Baş ağrısı postoperatif dönemde spinal anestezinin sık oluşan ve uygulandığı ilk
yıllardan beri bilinen komplikasyonlarındandır. Bu sorun postdural ponksiyon baş ağrısı
(PDPB) olarak adlandırılır. Post spinal baş ağrısı (PSBA) terimi de kullanılmaktadır. Sıklığı
yıllar içerisinde %0,2 ile %24 arasında değişiklik göstermiştir (6). Durada oluşan herhangi bir
yaralanma dura ponksiyonu sonrası baş ağrısına neden olabilir. Bu durum tanısal lumbar
ponksiyon, myelografi, spinal anestezi veya epidural anesteziyi takiben ortaya çıkabilir (5,22).
Benzer şekilde epidural kateter de durayı delip baş ağrısına neden olabilir.Baş ağrısının,
ponksiyon yerinden BOS kaybına bağlı ortaya çıkan kafa içi basıncındaki azalmaya;
21
düşünülmektedir. Tipik olarak baş ağrısı bilateral, frontal veya retro–orbital, oksipital ve
enseye doğru uzanan tarzdadır. Boyun ve omuzları da içerir. Ağrı sürekli ve şiddetlidir,
fotofobi, bulantı, tinnitus, duyma bozuklukları ile beraber olabilir. Daha ciddi olgularda
diplopi ve kranyal sinir palsileri gelişebilir. Bu bulgular söz konusu kranyal sinirlerin
traksiyonuna bağlı olabilir (6). Baş ağrısının en önemli özelliği pozisyon ile ilişkisidir. Ağrı
oturma veya ayağa kalkma ile şiddetlenir, düz yatma ile azalır veya geçer. Ağrının başlaması
genellikle girişimden en az birkaç saat sonra ve genelde 12-72 saat sonradır. Tedavi edilmezse
haftalarca sürebilir, nadiren bazı olgularda cerrahi onarım bile gerekebilir. İnsidans iğne çapı,
iğne tipi ve hasta grubu ile ilişkilidir. İğne çapı arttıkça başağrısı gelişme olasılığı artar.

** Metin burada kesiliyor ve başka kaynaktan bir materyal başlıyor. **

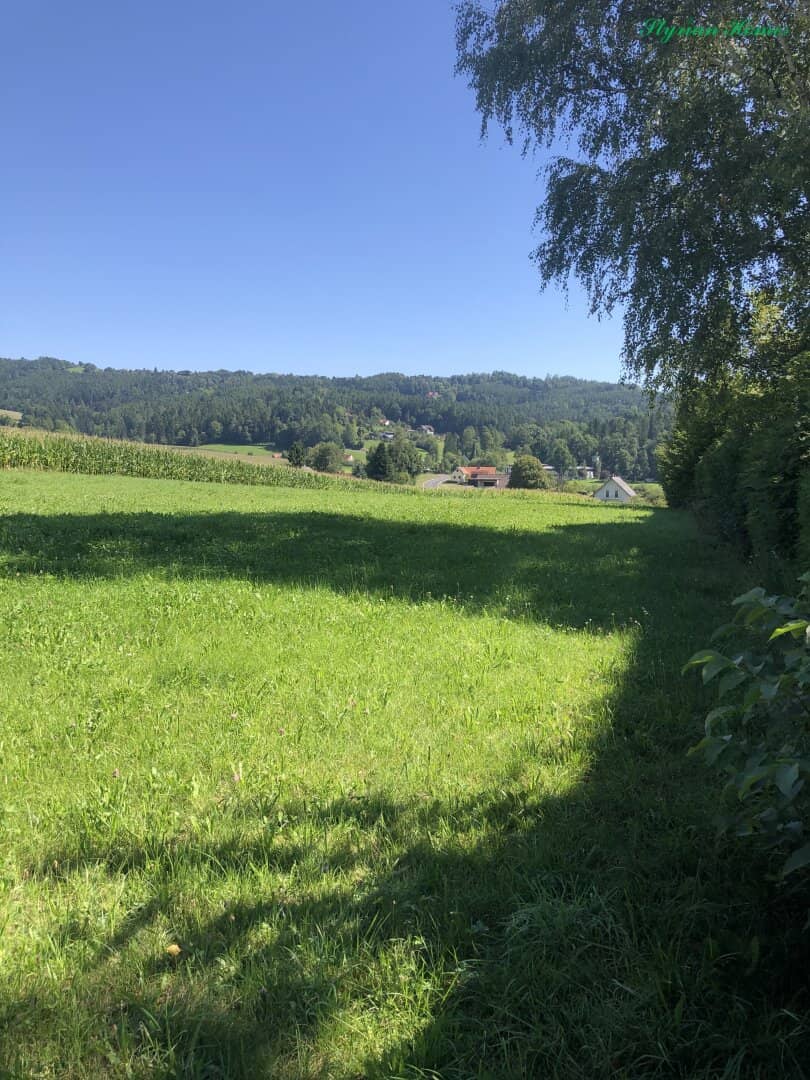 Building plot 800 m² all day sun top location in 8045 Weinitzen with Schöcklblick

Keskin uçlu iğneler, aynı çaptaki kalem uçlu iğnelere göre daha yüksek baş ağrısı insidansına
sahiptirler. Genç yaş, kadın cinsiyet ve gebelik baş ağrısı riskini arttıran faktörlerdir. Bu
nedenle en yüksek insidans epidural iğne ile duranın yanlışlıkla delindiği obstetrik
hastalarında beklenmelidir (%20-50). En düşük insidans ise 27-gauge spinal iğnenin
kullanıldığı yaşlıca erkek hastalarda beklenmelidir (%1). Sezaryen nedeni ile spinal anestezi
uygulanan hastalarda ince kalem uçlu iğnelerle yapılan çalışmalarda %3-4 gibi düşük oranlar
elde edilmiştir (5).
Konservatif tedavi yatar pozisyon, oral veya intravenöz sıvı uygulaması, analjezikler
ve kafeinden oluşmaktadır. Hastanın supin pozisyonda tutulması duradaki delikten BOS
kaçışına neden olan hidrostatik basıncı azaltırken baş ağrısınıda en aza indirecektir. Analjezik
ilaçlar asetaminofenden non-steroidal antiinflamatuarlara kadar değişebilir. Hidrasyon ve
kafein BOS yapımını arttırarak etki gösterirler. Kafein intrakranial damarlarda
vazokonstriksyon oluşturarak da fayda sağlar. Konservatif tedaviye rağmen baş ağrısı
günlerce sürebilir. Epidural kan yaması baş ağrısı için oldukça etkili bir yöntemdir (23-25).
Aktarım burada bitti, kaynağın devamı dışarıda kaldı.